■ **Task brief**:
The lines from the start of the records through the one containing "Salvio marcou dois" are to be transcribed exactly, and nothing else.

Items from a dataset
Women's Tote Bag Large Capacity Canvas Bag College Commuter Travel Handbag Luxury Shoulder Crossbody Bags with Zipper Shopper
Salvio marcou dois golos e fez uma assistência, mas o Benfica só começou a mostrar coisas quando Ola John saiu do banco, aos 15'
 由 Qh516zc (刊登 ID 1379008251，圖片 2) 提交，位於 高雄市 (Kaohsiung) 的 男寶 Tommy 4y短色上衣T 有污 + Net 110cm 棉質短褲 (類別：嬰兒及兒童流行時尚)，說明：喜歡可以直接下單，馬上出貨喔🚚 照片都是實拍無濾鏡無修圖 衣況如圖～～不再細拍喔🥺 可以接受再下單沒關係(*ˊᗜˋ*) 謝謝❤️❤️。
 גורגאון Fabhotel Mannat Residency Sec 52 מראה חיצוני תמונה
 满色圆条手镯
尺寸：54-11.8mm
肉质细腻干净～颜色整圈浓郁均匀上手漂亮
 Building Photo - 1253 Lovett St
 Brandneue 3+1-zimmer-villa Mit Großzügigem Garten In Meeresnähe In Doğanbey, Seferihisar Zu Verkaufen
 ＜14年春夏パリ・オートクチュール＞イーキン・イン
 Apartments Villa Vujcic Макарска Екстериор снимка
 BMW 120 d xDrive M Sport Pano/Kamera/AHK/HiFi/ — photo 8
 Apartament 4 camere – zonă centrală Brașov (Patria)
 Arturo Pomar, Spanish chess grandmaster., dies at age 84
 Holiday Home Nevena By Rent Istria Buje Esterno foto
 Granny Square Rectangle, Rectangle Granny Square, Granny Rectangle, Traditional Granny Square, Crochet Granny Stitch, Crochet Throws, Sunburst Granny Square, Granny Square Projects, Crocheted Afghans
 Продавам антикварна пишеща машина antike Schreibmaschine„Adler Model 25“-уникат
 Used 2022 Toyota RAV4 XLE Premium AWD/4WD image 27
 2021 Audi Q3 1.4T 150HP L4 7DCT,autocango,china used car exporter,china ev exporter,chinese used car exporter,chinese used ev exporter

■ **Problem solution**:
Women's Tote Bag Large Capacity Canvas Bag College Commuter Travel Handbag Luxury Shoulder Crossbody Bags with Zipper Shopper
Salvio marcou dois golos e fez uma assistência, mas o Benfica só começou a mostrar coisas quando Ola John saiu do banco, aos 15'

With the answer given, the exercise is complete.